▶ [Assignment] The task calls for the lines below from the line with "Puede incluir: Un" to the line with "Al Smith Dinner", both ends included, copied exactly, without any pictures.

▶ [Information given]
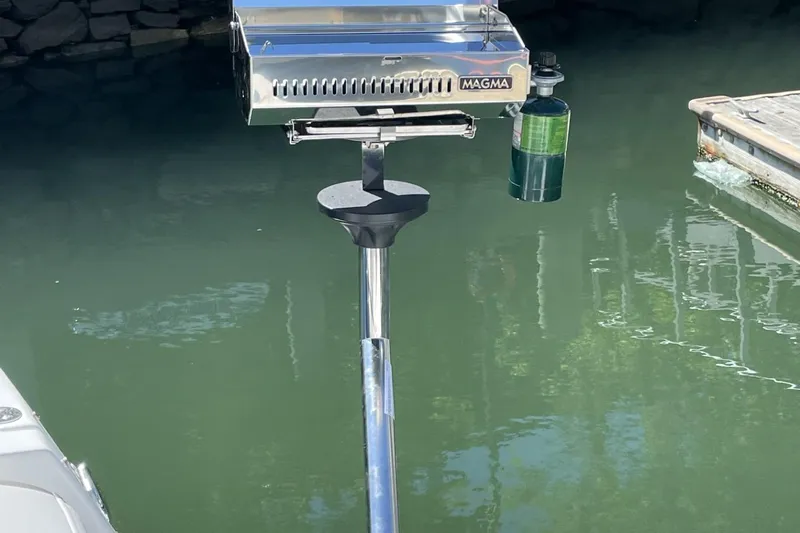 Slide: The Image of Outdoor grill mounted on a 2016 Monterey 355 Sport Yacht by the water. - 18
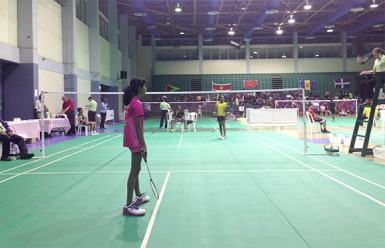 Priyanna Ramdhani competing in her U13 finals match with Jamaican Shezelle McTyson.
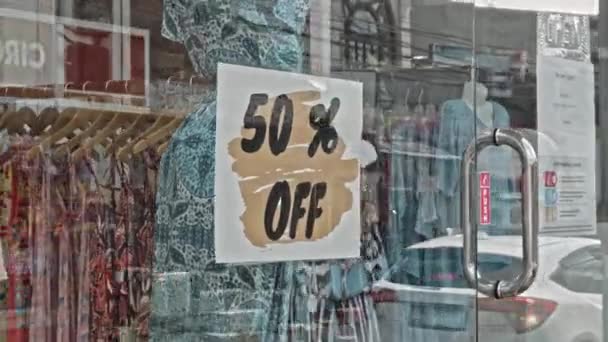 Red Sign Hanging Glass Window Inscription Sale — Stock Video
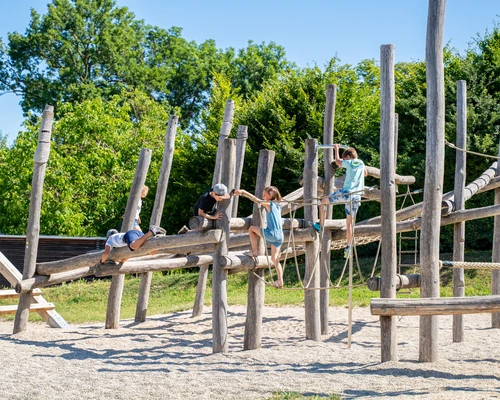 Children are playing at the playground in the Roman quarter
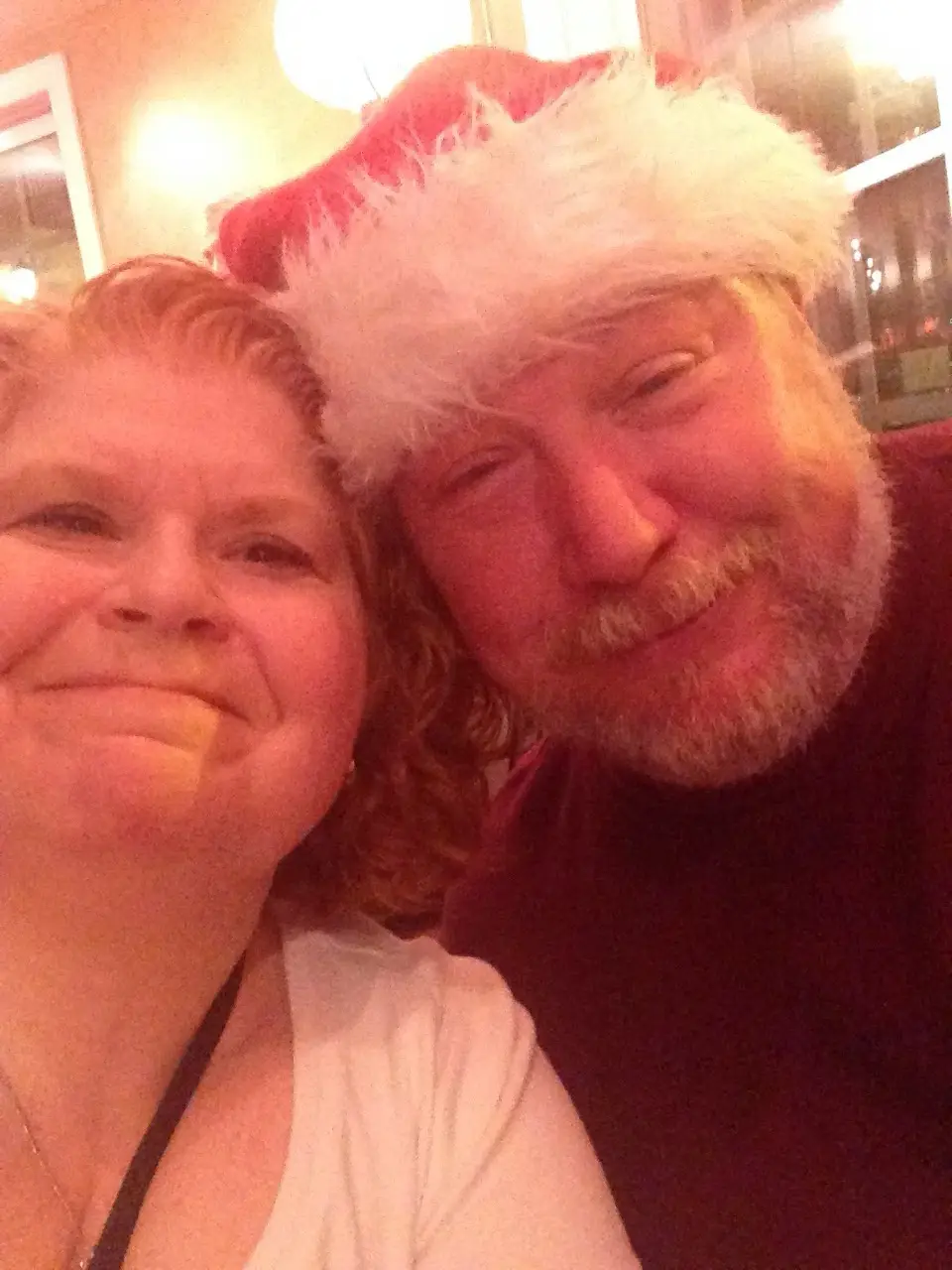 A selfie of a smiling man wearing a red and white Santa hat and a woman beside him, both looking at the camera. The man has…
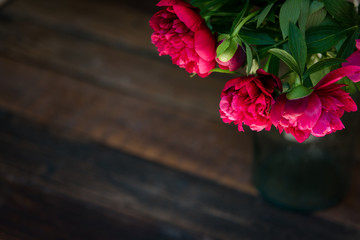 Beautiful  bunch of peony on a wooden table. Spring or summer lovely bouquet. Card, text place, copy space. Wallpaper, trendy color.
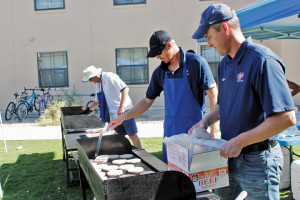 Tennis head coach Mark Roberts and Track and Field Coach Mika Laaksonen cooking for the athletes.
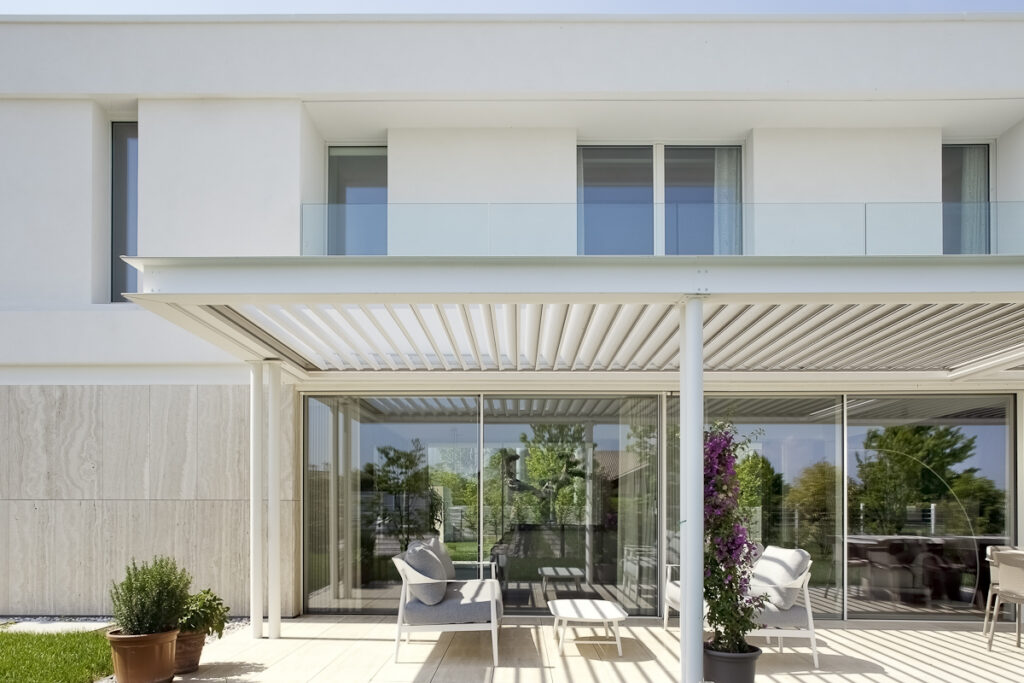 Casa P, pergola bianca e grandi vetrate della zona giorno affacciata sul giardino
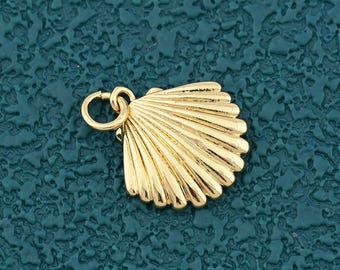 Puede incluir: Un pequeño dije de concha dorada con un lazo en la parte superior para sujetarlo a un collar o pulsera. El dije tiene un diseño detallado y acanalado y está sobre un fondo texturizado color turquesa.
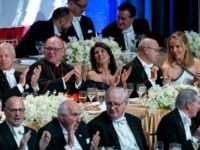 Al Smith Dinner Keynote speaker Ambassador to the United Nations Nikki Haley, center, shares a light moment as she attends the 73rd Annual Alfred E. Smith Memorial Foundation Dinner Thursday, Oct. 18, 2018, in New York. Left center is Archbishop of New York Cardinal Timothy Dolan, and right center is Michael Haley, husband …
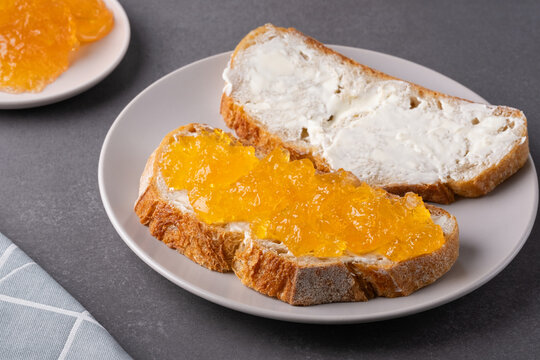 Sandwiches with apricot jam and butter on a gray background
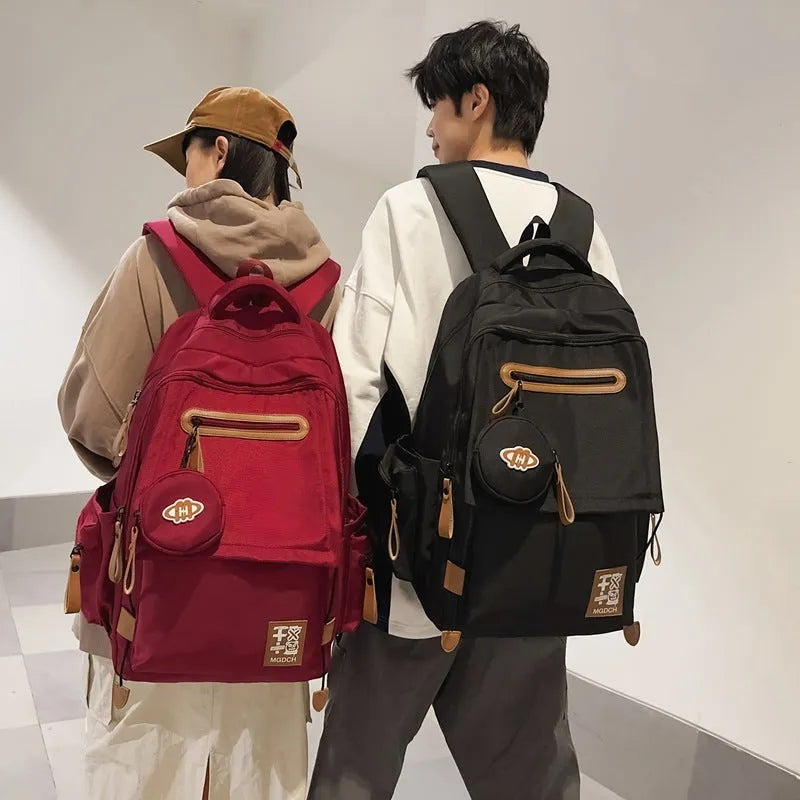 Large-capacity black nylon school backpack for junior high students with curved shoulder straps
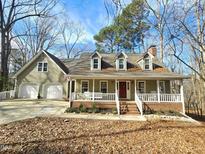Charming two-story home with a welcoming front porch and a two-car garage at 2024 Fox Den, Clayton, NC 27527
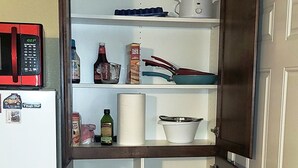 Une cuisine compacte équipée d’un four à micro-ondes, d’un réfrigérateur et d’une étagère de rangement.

▶ [Completed exercise]
 Puede incluir: Un pequeño dije de concha dorada con un lazo en la parte superior para sujetarlo a un collar o pulsera. El dije tiene un diseño detallado y acanalado y está sobre un fondo texturizado color turquesa.
 Al Smith Dinner Keynote speaker Ambassador to the United Nations Nikki Haley, center, shares a light moment as she attends the 73rd Annual Alfred E. Smith Memorial Foundation Dinner Thursday, Oct. 18, 2018, in New York. Left center is Archbishop of New York Cardinal Timothy Dolan, and right center is Michael Haley, husband …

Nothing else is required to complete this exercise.